I am a fan of Cecelia Ahern. I started with Thanks for the Memories and I have not stopped since.
Flawed, however, was a total turnaround story wise for her that I had to check if I got the author right. Don’t get me wrong, I also liked this book; but, the light feeling I usually have after reading Ahern’s books is not here in this one.
Flawed follows the life of Celestine North, who was suddenly thrust into the spotlight simply for doing an act that is against the law but is the right thing to do. I don’t do spoilers but suffice to say that the absurdity of the reasoning got stuck with me that I breezed through the book in quite a short time.
I just could not believe the consequences of Celestine’s simple act of compassion. It poses the question of “are you willing to do the right thing even if it is the hard choice?”. Some would just argue maybe it was not the right thing after all. But then again, thinking about it is different from actually doing it. I know that in every day, there are struggles in making the right call – especially if self preservation surfaces.
I’ve learned that people aren’t cruel. Most people aren’t anyway, but people are strong on self-preservation. And if something doesn’t directly affect them, they don’t get involved.
Courage and strength – if only someone could have an endless supply of it.
I’ve learned that to be courageous is to feel fear within, every step of the way. Courage does not take over, it fights and struggles through every word you say and every step you take. It’s a battle or a dance as to whether to let it pervade. It takes courage to overcome, but it takes extreme fear to be courageous.

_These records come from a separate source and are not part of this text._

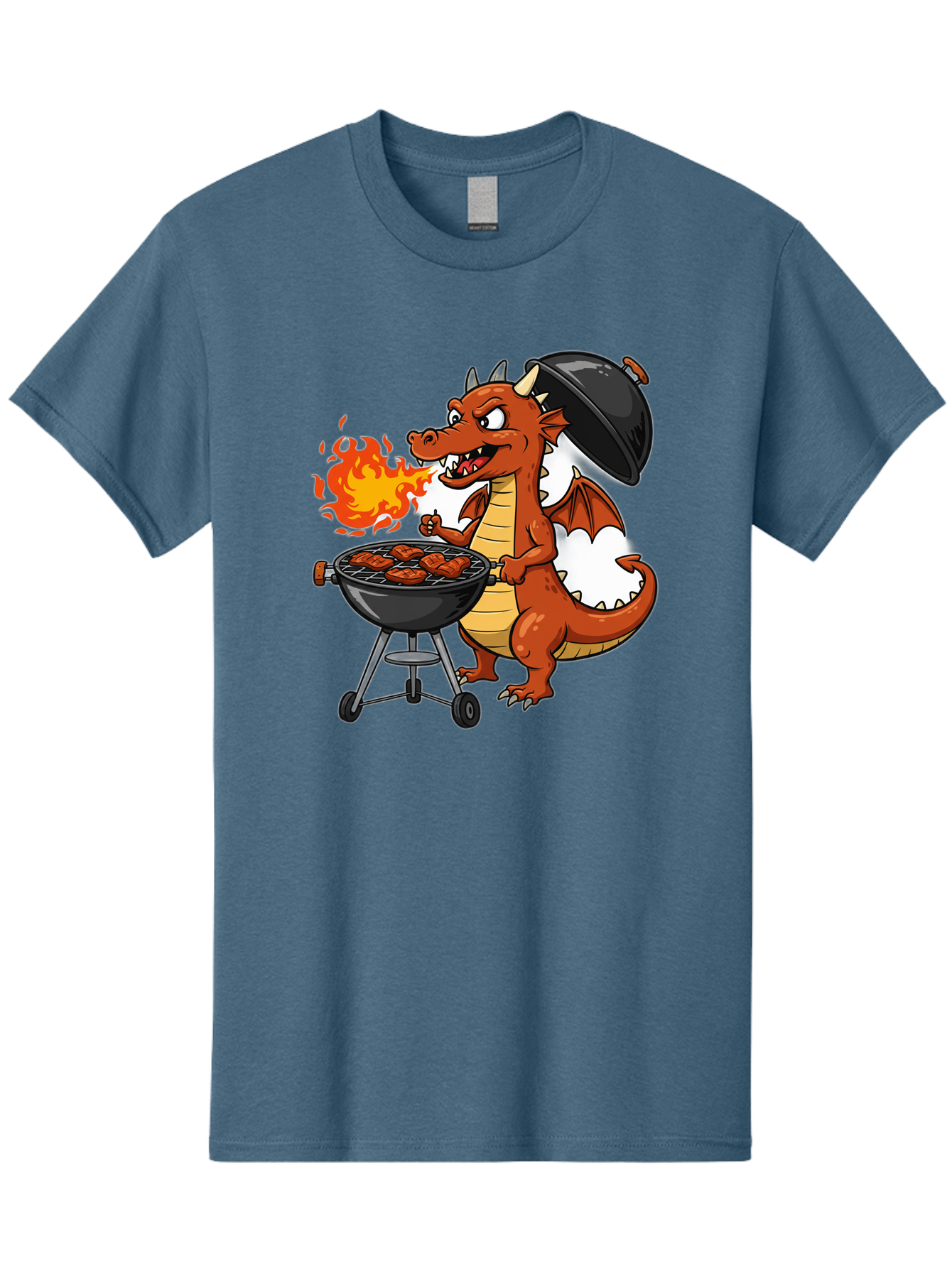 Dragon-Barbecue Men'S Graphic Tee, 100% Cotton, Comfortable Casual Summer Wear, Machine Washable, Cartoon Dragon, Grilling On Barbecue, Cooking Meat, Outdoor Cooking, Fiery Flames, Comical Dragon, Playful Illustration, Humorous Dragon, Bab883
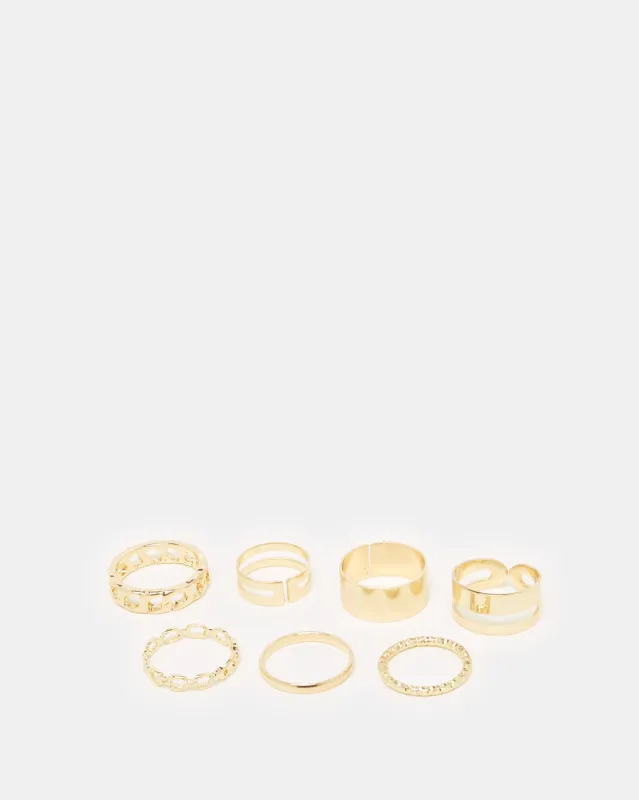 Women Gold Embellished Ring Set (7 Piece) sold by Redtag
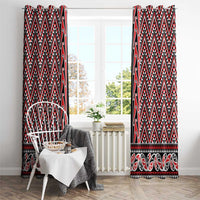 New Zealand Maori Niho Taniwha Window Curtain Whero Mangopare and Puhoro Pattern LT9 - Polynesian Pride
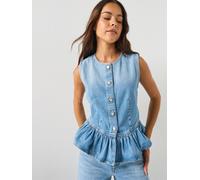 Hugo Gimma 10281232 Sleeveless Blouse Blue M Woman
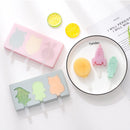 3 PCS Homemade Handmade DIY Cartoon Fruit with Lid Silicone Ice Cream Mold Making Ice Tray, Style:Dinosaur World(Pink)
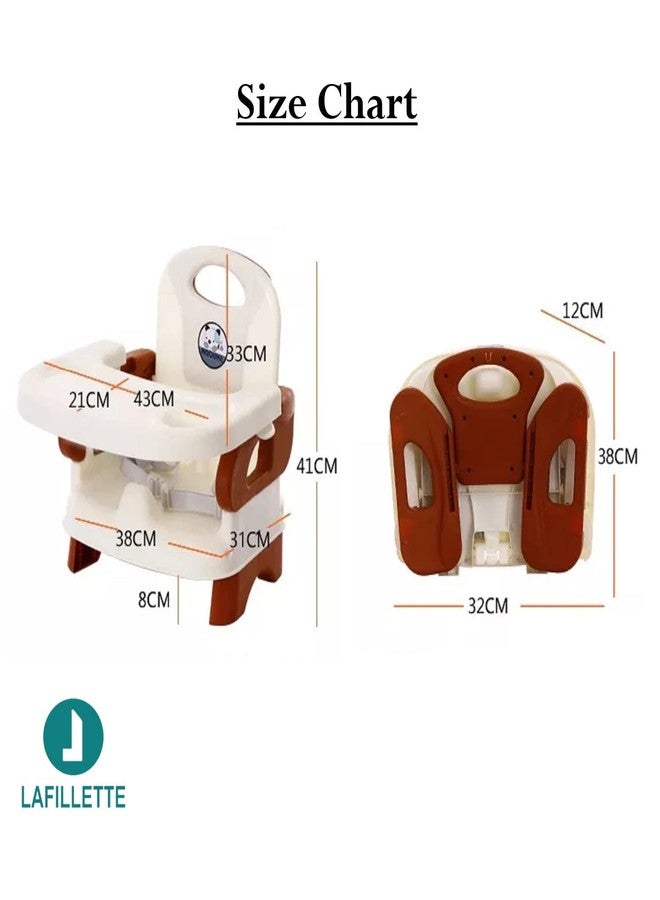 LAFILLETTE Baby Booster Feeding Chair with Removable Tray and Safety Belt for Infants and Toddlers, Folding Portable Booster Seat for Indoor/Outdoor Use (Brown) - Image 2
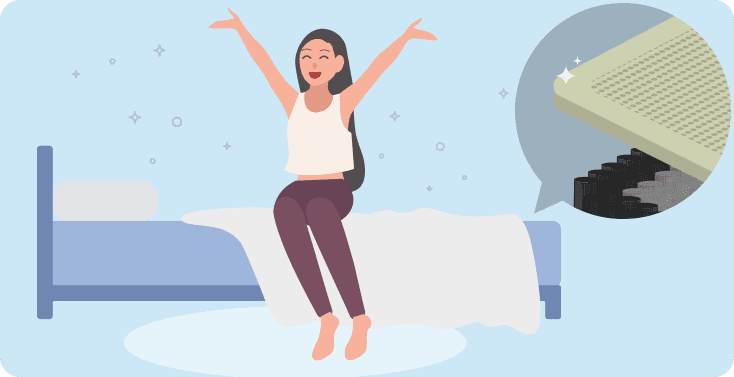 Happy woman sitting on bed with latex mattress layer close-up showing comfort and support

One thing Celestine has going for her though is the amazing support from her family. They stuck with her even with the additional challenges of having a Flawed person at the house – dad, mom, grand dad and even her sister. I honestly do not know how one person can survive a branding without a strong support system, especially with consequences that severe.
To end, I want to highlight this quote from her math teacher:
We see being Flawed as a strength, Celestine. If you make a mistake, you learn from it. If you never make a mistake, you’re never the wiser.
This book, however, has a sequel; so, as expected, it ends with a cliffhanger (good thing the Kindle version I bought had ten preview chapters).